§ Task goal:
Repeat only the lines below from the one containing "藏品(貳層弱電設備平面圖)的圖片" through the one containing "DelysyHot online show from 10/16/25, 05:19", inclusive, exactly as written.

§ Data for this task:
------------------------------------------------------------

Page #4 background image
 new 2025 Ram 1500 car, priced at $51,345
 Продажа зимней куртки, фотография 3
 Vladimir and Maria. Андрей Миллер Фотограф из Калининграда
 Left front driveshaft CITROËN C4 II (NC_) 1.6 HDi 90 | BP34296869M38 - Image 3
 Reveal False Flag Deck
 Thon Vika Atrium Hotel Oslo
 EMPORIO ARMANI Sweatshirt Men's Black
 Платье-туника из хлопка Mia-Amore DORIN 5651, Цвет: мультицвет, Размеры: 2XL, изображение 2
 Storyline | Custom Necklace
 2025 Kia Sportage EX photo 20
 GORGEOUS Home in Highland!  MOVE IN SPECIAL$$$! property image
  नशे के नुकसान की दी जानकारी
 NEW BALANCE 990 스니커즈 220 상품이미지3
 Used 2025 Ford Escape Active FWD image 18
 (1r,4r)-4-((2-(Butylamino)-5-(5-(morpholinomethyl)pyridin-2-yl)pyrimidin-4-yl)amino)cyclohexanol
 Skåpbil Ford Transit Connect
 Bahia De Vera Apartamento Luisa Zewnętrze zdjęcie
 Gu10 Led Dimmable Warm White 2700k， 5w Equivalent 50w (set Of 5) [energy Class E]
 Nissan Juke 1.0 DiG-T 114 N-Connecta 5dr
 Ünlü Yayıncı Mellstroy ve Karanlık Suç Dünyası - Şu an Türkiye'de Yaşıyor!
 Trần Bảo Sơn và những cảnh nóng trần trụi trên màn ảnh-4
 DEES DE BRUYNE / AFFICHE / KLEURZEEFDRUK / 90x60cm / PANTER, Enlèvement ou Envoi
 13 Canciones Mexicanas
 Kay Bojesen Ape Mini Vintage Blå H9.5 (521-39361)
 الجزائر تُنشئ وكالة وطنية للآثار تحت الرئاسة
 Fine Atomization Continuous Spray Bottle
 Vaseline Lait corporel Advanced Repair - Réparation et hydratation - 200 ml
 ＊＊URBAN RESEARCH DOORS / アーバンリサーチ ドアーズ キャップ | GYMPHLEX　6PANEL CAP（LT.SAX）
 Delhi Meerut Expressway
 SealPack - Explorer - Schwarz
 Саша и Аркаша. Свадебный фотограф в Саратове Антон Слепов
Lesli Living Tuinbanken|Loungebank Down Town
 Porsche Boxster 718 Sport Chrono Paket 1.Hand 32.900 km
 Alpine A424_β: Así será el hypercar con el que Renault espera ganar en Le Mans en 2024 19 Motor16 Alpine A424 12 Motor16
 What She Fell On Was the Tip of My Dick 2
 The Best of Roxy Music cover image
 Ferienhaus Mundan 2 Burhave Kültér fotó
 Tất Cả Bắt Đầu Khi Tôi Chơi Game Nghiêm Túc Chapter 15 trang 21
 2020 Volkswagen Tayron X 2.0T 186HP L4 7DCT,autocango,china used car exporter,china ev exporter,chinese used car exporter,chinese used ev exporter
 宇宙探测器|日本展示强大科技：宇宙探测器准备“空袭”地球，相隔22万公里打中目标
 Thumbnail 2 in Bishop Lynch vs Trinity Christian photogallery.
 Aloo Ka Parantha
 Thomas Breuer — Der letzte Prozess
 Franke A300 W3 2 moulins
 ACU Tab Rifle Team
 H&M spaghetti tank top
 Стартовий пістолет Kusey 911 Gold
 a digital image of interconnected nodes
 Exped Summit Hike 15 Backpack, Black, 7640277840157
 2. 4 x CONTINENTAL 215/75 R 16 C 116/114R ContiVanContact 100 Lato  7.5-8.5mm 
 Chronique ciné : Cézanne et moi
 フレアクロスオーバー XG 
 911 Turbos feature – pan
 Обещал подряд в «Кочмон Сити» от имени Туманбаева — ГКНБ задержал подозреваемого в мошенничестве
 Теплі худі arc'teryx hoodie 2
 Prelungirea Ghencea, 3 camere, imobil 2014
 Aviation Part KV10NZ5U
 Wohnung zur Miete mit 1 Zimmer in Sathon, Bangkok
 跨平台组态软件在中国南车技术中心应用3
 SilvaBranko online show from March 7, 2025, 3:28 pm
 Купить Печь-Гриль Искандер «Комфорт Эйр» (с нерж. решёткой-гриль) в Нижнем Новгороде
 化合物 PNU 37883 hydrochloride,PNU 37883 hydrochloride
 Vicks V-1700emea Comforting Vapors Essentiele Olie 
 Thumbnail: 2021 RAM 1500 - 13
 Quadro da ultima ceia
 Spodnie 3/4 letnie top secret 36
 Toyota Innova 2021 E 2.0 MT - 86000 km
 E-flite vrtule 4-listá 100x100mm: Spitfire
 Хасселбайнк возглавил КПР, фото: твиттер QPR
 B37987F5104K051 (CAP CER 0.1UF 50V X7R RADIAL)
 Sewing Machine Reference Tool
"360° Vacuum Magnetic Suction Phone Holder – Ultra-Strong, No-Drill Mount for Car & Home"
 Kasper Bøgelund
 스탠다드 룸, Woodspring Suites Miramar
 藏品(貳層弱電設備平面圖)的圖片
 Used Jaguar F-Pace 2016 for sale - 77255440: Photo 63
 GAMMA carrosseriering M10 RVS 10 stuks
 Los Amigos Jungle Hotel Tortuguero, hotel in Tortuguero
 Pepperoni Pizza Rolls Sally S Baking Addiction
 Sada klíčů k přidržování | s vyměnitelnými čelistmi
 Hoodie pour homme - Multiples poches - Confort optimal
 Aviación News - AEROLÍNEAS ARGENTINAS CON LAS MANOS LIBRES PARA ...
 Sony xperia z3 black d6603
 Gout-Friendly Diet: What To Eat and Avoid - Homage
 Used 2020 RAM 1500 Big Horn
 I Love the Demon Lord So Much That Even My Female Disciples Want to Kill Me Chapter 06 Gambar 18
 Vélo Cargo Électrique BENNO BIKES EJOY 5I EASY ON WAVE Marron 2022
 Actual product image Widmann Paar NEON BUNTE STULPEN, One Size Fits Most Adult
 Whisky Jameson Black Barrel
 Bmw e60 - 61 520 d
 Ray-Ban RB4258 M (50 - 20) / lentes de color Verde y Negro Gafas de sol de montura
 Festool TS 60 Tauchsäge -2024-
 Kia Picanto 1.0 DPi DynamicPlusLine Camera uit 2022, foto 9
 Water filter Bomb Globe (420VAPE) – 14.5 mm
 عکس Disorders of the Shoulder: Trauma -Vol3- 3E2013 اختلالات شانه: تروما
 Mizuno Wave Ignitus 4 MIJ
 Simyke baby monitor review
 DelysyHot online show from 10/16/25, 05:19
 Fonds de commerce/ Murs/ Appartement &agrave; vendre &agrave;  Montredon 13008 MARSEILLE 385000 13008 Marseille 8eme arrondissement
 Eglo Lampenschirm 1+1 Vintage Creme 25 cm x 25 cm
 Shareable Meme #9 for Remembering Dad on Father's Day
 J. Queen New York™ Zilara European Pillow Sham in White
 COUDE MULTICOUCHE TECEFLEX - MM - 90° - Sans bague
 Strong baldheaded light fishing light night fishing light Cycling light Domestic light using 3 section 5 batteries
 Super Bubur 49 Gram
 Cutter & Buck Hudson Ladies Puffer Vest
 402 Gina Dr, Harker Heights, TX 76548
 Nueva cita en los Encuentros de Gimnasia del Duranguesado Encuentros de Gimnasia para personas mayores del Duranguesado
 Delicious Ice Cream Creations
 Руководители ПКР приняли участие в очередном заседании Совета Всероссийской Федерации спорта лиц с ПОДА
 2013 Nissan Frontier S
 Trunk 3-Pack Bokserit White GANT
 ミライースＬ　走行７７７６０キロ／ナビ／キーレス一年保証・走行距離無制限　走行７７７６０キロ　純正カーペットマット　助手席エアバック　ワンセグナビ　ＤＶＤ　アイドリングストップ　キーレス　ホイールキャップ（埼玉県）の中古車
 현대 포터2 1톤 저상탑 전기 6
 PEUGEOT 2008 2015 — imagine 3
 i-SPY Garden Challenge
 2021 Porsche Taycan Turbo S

------------------------------------------------------------

§ Exercise solution:
 藏品(貳層弱電設備平面圖)的圖片
 Used Jaguar F-Pace 2016 for sale - 77255440: Photo 63
 GAMMA carrosseriering M10 RVS 10 stuks
 Los Amigos Jungle Hotel Tortuguero, hotel in Tortuguero
 Pepperoni Pizza Rolls Sally S Baking Addiction
 Sada klíčů k přidržování | s vyměnitelnými čelistmi
 Hoodie pour homme - Multiples poches - Confort optimal
 Aviación News - AEROLÍNEAS ARGENTINAS CON LAS MANOS LIBRES PARA ...
 Sony xperia z3 black d6603
 Gout-Friendly Diet: What To Eat and Avoid - Homage
 Used 2020 RAM 1500 Big Horn
 I Love the Demon Lord So Much That Even My Female Disciples Want to Kill Me Chapter 06 Gambar 18
 Vélo Cargo Électrique BENNO BIKES EJOY 5I EASY ON WAVE Marron 2022
 Actual product image Widmann Paar NEON BUNTE STULPEN, One Size Fits Most Adult
 Whisky Jameson Black Barrel
 Bmw e60 - 61 520 d
 Ray-Ban RB4258 M (50 - 20) / lentes de color Verde y Negro Gafas de sol de montura
 Festool TS 60 Tauchsäge -2024-
 Kia Picanto 1.0 DPi DynamicPlusLine Camera uit 2022, foto 9
 Water filter Bomb Globe (420VAPE) – 14.5 mm
 عکس Disorders of the Shoulder: Trauma -Vol3- 3E2013 اختلالات شانه: تروما
 Mizuno Wave Ignitus 4 MIJ
 Simyke baby monitor review
 DelysyHot online show from 10/16/25, 05:19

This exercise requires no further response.